**EXERCISE DIRECTIONS:** Repeat the lines below exactly as they appear, but leave out the images.

**DATA SEGMENT:**

# # #

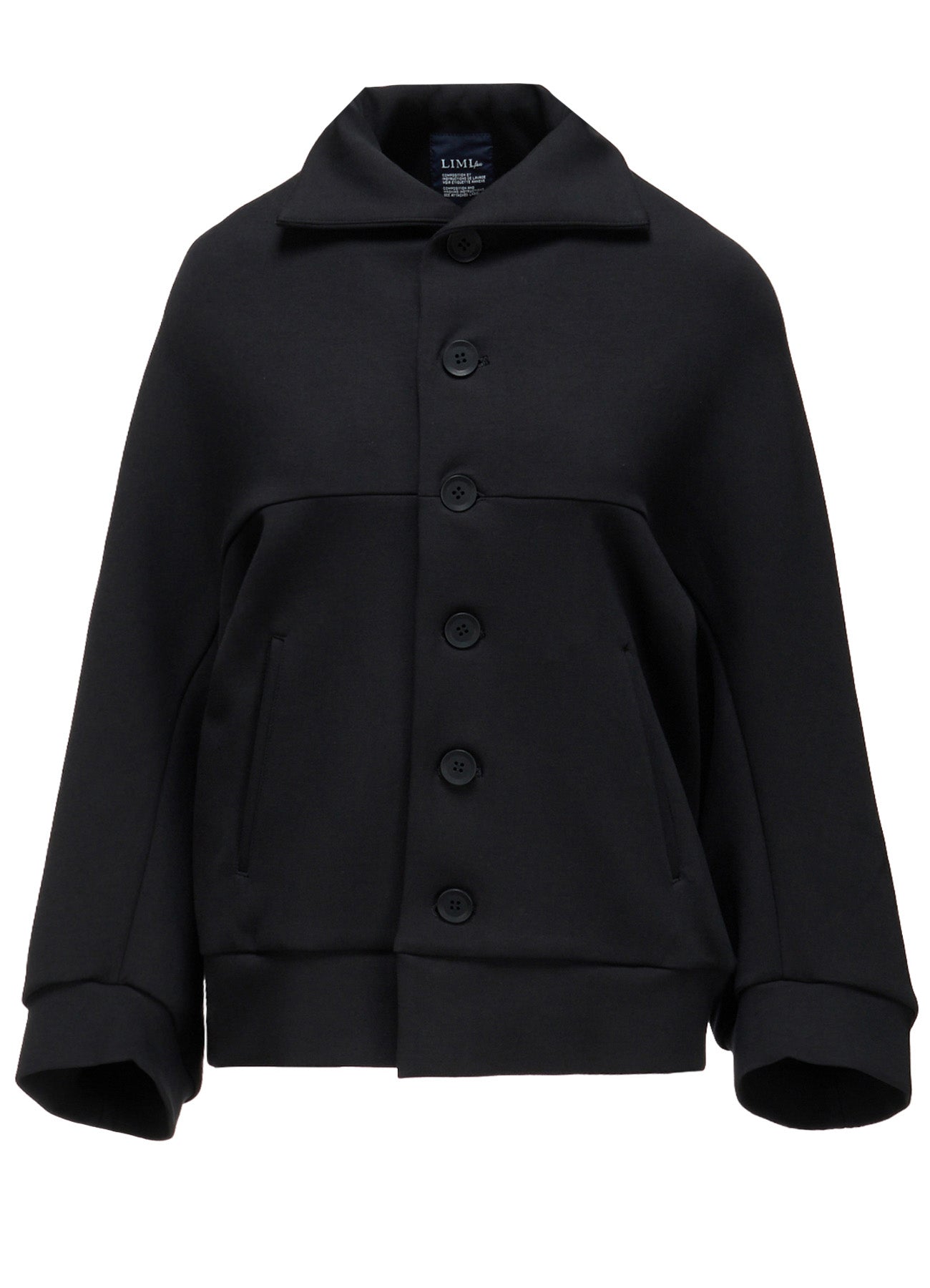 DOUBLE FACE JERSEY DOLMAN SLEEVE SINGLE COAT – THE SHOP YOHJI YAMAMOTO
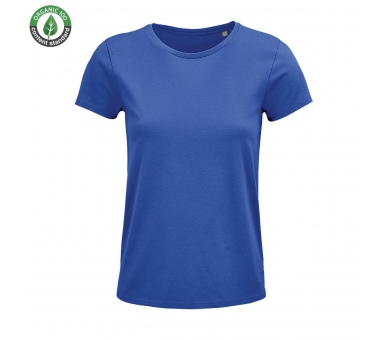 T-Shirt Donna Bio Bluette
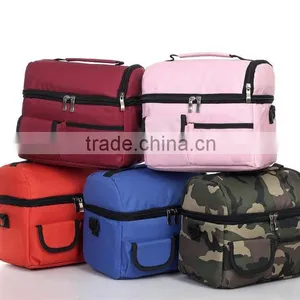 Picnic Lunch Bag Insulated Cooler Bag Ice Bag Lunch Box Cool Bag QJ-H0101 thumbnail-1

# # #

**WRITTEN SOLUTION:**
 DOUBLE FACE JERSEY DOLMAN SLEEVE SINGLE COAT – THE SHOP YOHJI YAMAMOTO
 T-Shirt Donna Bio Bluette
 Picnic Lunch Bag Insulated Cooler Bag Ice Bag Lunch Box Cool Bag QJ-H0101 thumbnail-1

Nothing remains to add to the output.